Six foreigners who contributed to the Dakota Provisions turkey processing plant in Huron had their investments transferred to Northern Beef, according to documents released by the South Dakota governor's office on Monday. Another 21 people who invested in an Iberdrola wind farm, which eventually took another financing route, wound up investing in the failed beef plant.
Chris Bentley, a Washington, D.C.-based spokesman for the U.S. Citizenship and Immigration Services, said he can't comment on specific investment projects, but in general, once an immigrant investor puts money into a project a regional center can move the money around to other projects If certain conditions are met.
"It is possible, and it's completely legal," Bentley said Monday.
In September, the South Dakota Governor's Office of Economic Development ended its contract with SDRC Inc., the private regional center administering the federal EB-5 immigration program in the state, "for cause." Officials have not specified the cause, but Tony Venhuizen, a spokesman for Gov. Dennis Daugaard, has said it became clear that SDRC needed better oversight.
Venhuizen said Monday that any transfers from one project to another would be an issue between the investors and SDRC Inc., which would have managed the process. He said investors are required to sign I-526 forms, which identifies the commercial enterprise being funded, when they make their investments.
"If an investor's I-526 is denied, or they otherwise decide to invest their funds elsewhere, the investor would have to sign a new I-526 indicating the commercial enterprise in which their funds are being invested to receive consideration under the EB-5 program," Venhuizen said in a statement.
Gov. Daugaard said last month that an investigation was underway into the Office of Economic Development involving possible financial misconduct prior to his administration. Daugaard said there has also been a federal investigation, but declined to provide details of either.
Attorney General Marty Jackley has said that former Gov. Mike Rounds is not the subject of the state investigation.
On Monday, the South Dakota Democratic Party called on Jackley to recuse himself and his office from the investigation, saying his political ties present conflicts of interest.
"The Rounds-Daugaard Administration granted the lucrative EB-5 contract to SDRC President Joop Bollen," Zach Crago, the party's executive director, said in a statement. "It simply defies belief that a real investigation would not look into the circumstances surrounding that decision."

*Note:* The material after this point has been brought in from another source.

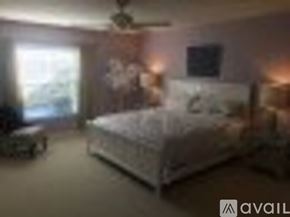 Naples condo for rent - A bedroom with a bed, a chair, and a ceiling fan.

Jackley said that because the alleged financial misconduct did not relate to the attorney general's office there is no direct or indirect conflict of interest. He said the EB-5 program is a federal immigration program run and controlled by federal immigration authorities.
"While state authorities should have the ability and the opportunity to assist our federal partners in the enforcement of immigration law and programs, I respect that the United States Supreme Court has significantly limited state authority over federal immigration law," Jackley said in a statement Monday.